Multi-specific Antibody Platform

The distinctive features of our multi-specific antibody platform are biology function driven and structurally designed with enhanced flexibility and efficiency. The platform enables us to construct multi-specific antibodies quickly which facilitates the efficient production of multi-specific antibodies. Our multi-specific antibody platform enables us to develop antibodies simultaneously binding to different targets to achieve synergistic therapeutic functions. The major types of multi-specific antibody structure we are developing are set forth as below.

• Bispecific antibodies targeting dual TAAs: In order to simultaneously bind to two different tumor-associated antigens or two different domains of the same tumor-associated antigen, a 1:1 bispecific antibody structure based on KIH structure is designed. This type of bispecific antibodies can increase binding affinity and specificity to tumor cells, and increase tumor suppression. We are currently developing a clinical-stage drug candidate using this platform, namely MBS301, which binds to dual epitopes of HER2 and displays superior anti-tumor efficacy in vitro and in vivo.

• T cell redirected bispecific antibody: In order to recruit T cells to specifically kill tumor cells, a 2:1 bispecific antibody structure is designed, which binds to TAA by two arms and CD3 molecule by one arm to increase affinity with tumor cells and decrease the off-target toxicity of T cells. Since this type of 2:1 bispecifc antibody contains a scFv structure targeting TAA, antibody aggregation is usually a major problem affecting the production process. To address this issue, we have optimized our platform using scFv stability enhancement technology to improve drug developability. We are currently developing two preclinical-stage drug candidates using this platform, namely MBS303 (CD3/CD20) and MBS304 (CD3/Claudin18.2).

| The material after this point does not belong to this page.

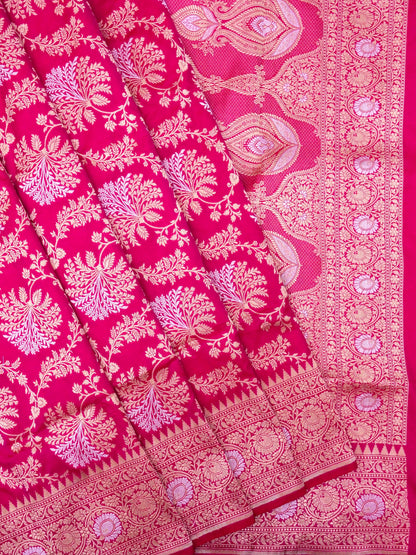 Pure Katan Silk Banarasi with All over Jaal Weaving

• Immune stimulation multi-specific antibody: In order to simultaneously bind to two different immune checkpoint targets, a 2:2 multi-specific antibody structure based on scFv tandem structure is designed. This type of multi-specific antibodies can be designed to enhance cross-linking, achieve efficacy synergies and increase enrichment towards tumor. We are currently developing a preclinical multi-specific antibody using this platform, namely MBS307 (CD40/PD-L1). We have also developed antibody cytokine fusion technology, by linking the mutated cytokine to the C terminal of PD-1 antagonist antibody. Based on the principle of cis-action, the fusion protein can select activated effector T cells. MBS309 (PD-1 antibody/IL2 fusion protein) is developed based on this technology. We have also applied scFv stability enhancement technology to improve drug developability.